PLM 2005 ABSTRACTS VAULT
see http://elex.amu.edu.pl/ifa/plm for further details

Synergy in the construction of meaning

Enrique Bernárdez (Universidad Complutense de Madrid)

The “construction of meaning” is usually understood in a twofold way. On the one hand, lexical meaning, and grammatical meaning largely too, is seen as “given”, in such a way that the speakers simply have to recall that meaning from their lexical storage system. On the other hand, certain linguistic elements are seen as “constructed”, i.e., as the result of some special, individual cognitive operations; such is the case of metaphor and metonymy.

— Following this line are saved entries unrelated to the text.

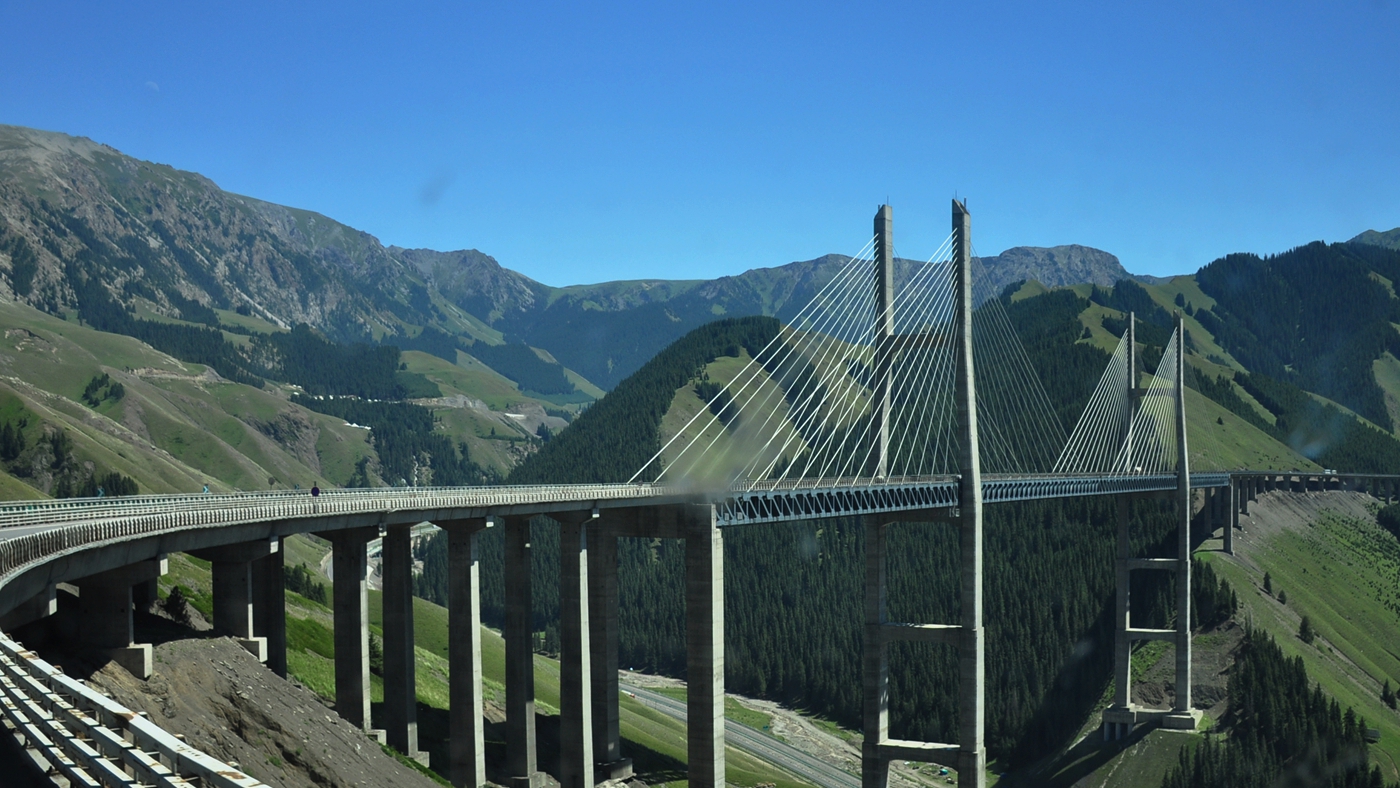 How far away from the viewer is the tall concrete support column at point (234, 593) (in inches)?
2047

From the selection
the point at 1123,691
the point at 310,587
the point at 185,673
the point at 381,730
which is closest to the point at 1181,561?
the point at 1123,691

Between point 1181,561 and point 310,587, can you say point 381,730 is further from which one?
point 1181,561

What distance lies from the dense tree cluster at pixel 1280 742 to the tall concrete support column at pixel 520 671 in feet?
253

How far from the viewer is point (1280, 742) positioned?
132m

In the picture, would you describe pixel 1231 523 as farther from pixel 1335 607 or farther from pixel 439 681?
pixel 439 681

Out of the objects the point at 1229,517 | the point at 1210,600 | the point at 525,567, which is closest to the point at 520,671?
the point at 525,567

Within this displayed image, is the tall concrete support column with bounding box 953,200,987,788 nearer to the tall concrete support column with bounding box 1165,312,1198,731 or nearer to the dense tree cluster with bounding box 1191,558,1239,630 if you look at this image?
the tall concrete support column with bounding box 1165,312,1198,731

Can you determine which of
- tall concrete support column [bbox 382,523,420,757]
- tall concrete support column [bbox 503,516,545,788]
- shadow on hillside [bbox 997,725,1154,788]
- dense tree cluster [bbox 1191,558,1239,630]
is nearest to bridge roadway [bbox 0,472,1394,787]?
tall concrete support column [bbox 382,523,420,757]

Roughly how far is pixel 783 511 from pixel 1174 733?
72772 millimetres

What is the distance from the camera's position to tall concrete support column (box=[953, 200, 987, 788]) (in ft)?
289

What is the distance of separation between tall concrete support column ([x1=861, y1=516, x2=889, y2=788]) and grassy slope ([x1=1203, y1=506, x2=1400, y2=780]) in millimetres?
64613

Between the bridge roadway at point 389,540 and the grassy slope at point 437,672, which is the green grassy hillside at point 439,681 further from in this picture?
the bridge roadway at point 389,540

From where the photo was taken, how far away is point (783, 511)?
81.6 m

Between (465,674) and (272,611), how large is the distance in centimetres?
928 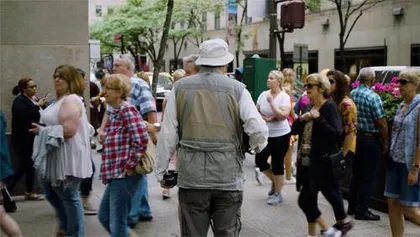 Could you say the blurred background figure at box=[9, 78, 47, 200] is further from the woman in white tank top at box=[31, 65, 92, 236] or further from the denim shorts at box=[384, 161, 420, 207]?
the denim shorts at box=[384, 161, 420, 207]

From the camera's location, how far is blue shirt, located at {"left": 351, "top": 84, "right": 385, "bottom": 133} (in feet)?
21.8

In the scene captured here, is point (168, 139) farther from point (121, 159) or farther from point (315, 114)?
point (315, 114)

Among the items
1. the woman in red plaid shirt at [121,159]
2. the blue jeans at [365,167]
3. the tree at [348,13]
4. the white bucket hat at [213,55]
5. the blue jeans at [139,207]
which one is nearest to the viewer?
the white bucket hat at [213,55]

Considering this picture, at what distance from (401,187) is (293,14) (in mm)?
6631

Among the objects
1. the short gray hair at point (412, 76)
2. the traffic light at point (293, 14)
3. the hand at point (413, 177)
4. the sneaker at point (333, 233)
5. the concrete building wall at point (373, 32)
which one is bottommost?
the sneaker at point (333, 233)

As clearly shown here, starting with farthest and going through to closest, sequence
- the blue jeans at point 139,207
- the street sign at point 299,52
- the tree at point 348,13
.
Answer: the tree at point 348,13 → the street sign at point 299,52 → the blue jeans at point 139,207

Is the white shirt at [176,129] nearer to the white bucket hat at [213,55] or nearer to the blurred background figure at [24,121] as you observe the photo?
the white bucket hat at [213,55]

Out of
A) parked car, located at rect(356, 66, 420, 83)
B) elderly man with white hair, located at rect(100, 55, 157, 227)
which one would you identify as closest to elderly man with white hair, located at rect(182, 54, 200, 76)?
elderly man with white hair, located at rect(100, 55, 157, 227)

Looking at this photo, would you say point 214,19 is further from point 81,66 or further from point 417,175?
point 417,175

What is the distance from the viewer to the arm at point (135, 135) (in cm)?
493

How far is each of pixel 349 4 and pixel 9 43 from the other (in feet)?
80.1

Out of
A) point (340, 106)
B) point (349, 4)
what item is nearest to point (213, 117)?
point (340, 106)

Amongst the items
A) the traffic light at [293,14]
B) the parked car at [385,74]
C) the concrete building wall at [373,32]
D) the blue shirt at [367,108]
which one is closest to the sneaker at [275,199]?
the blue shirt at [367,108]

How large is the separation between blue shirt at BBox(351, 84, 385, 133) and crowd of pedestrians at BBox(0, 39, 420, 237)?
14 millimetres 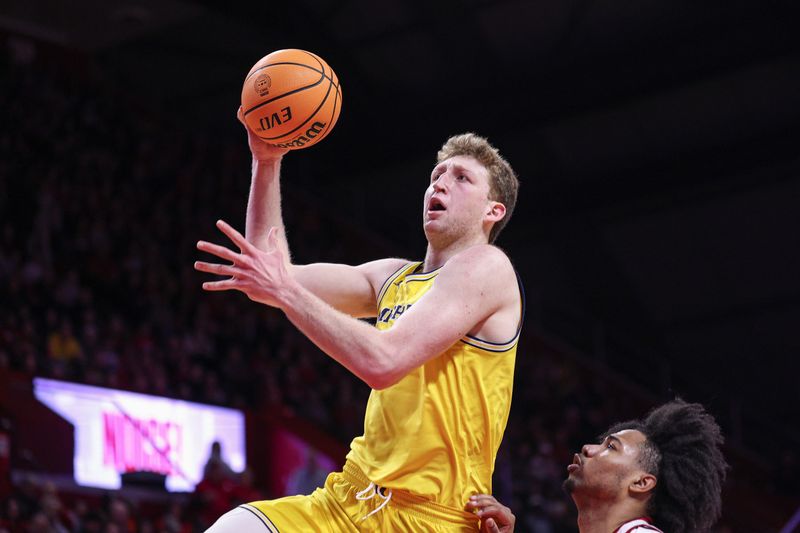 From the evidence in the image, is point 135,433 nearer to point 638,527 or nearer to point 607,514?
point 607,514

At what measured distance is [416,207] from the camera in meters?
20.6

This state of things reflects the traditional discussion on the nature of the process of building linguistic elements, especially in the grammar: whether grammatical constructions are built every time they are used, on the base of rules, or whether they are simply recalled from some kind of grammatical storage system.

The present talk analyses this issue from the perspective of synergic cognition, as defined by the author (Bernárdez, to appear). Synergic cognition develops the notion of distributed cognition, whereby a number of individuals cooperate in order to carry out a complex activity –also linguistic- with a lower individual cognitive effort. Synergic cognition adds a historical component, in such a way that the results of cooperative activities at a certain point of time is internalised by individuals who are then able to recall the way of carrying out a particular activity on an individual basis. That is, a historically cooperative activity is carried out by the individual on a later moment.

Synergic cognition is close to Pierre Bourdieu’s well-known notion of the habitus, as well as to some insights of historical linguistics and some philosophical schools, and allows establishing relations between language and culture, synchrony and diachrony. A number of examples are briefly analysed: metonymy and metaphor, grammatical constructions and Wierzbicka’s “cultural key words”.